We find that almost all US trends are present in UK data, although UK information is generally not as rich as US information. In particular, we document at the micro level growing differences between firms in productivity, wages, size, and margins, similar to those observed in the United States. Generally, these shifts seem to be strongest in the top half of the cast, with the top tail widening as “superstar” companies move away from the rest of the pack. Similarly, at the macro level, the UK has seen rising aggregate markups (as in the US), slowing productivity and wage growth since the global financial crisis (more dramatic than in the US) United States) and a decline in the share of wages in GDP since 1980 (much less severe than in the United States).[2] Trends in British entrepreneurship in the UK are more ambiguous.

Main conclusions

  • There is great inequality between companies. In the UK, just 0.1% of businesses have at least 250 workers, but in 2019 these businesses accounted for almost two in five jobs and just under half of overall turnover.
  • Over the past few decades, dramatic changes have been documented in the business landscape in the United States. These include the increase in productivity inequalities between firms, higher aggregate markups (of price over variable costs), increasing dominance of large firms, a declining labor share of GDP, and declining firm dynamism.
  • Many of the same empirical trends observed in the United States have occurred in Britain since (at least) the mid-1990s. There has been an increase in firm-level inequality (especially in the upper tails) of productivity, wages, markups and labor shares.
  • The UK has experienced weak productivity growth since the global financial crisis of 2008-2009. This weighed on median and average real wages, which had barely recovered to pre-crisis levels at the onset of the COVID-19 pandemic.
  • Overall mark-ups have been rising since at least the mid-1990s. Labor’s share of GDP has fallen since the early 1980salthough this decline is less dramatic than that of the United States.
  • The similarity of trends in the UK and the US suggests that common trends in technology or globalization have driven these changes, rather than country-specific institutions or policies.
  • Inequality between companies is less of a concern than inequality between people. However, it can signal economic problems, such as a slowing of the diffusion of ideas between leading companies and laggards, and can promote greater wage inequality.
  • We suggest policy options in response to these trends include the modernization of competition rules to cope with the growth of “superstar” companies and the strengthening of the bargaining power of workers.
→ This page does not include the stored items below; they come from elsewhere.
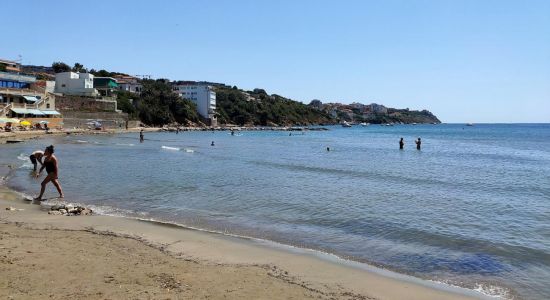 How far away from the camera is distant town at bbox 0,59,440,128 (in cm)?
7219

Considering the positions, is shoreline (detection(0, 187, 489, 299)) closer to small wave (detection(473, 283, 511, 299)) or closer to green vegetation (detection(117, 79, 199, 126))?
small wave (detection(473, 283, 511, 299))

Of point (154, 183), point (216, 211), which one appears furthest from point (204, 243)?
point (154, 183)

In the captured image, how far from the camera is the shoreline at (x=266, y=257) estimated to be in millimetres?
7484

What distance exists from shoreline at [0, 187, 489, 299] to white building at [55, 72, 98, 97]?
9105 centimetres

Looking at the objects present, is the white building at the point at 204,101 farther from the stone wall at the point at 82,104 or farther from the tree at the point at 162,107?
the stone wall at the point at 82,104

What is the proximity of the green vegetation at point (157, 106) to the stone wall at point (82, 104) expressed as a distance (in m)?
12.6

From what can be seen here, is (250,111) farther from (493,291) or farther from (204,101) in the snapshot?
(493,291)

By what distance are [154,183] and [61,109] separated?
6966 cm

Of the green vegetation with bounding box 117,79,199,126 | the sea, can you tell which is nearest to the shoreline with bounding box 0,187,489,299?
the sea

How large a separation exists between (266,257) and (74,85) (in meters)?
99.0

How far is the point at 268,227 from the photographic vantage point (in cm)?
1262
[1] DeLoecker et al. (2016) present evidence of rising markups during drastic trade reforms in Indian manufacturing, precisely through the incomplete pass-through of lower input tariffs. More generally, productivity improvements may be captured disproportionately by firms rather than by workers and consumers.

[2] See Gutiérrez and Piton (2020) and Teichgraeber and Van Reenen (2021). The relationship between the aggregate labor share and measures of profitability is complex, even setting aside all notorious measurement challenges (see Van Reenen (2018), Koh, Santaeulàlia-Llopis and Zheng (2020), Autor et al (2020) and Barkai (2021)). See the subsection titled “Connecting Labor and Product Markets: A Simple Framework” in Section 4 for more details.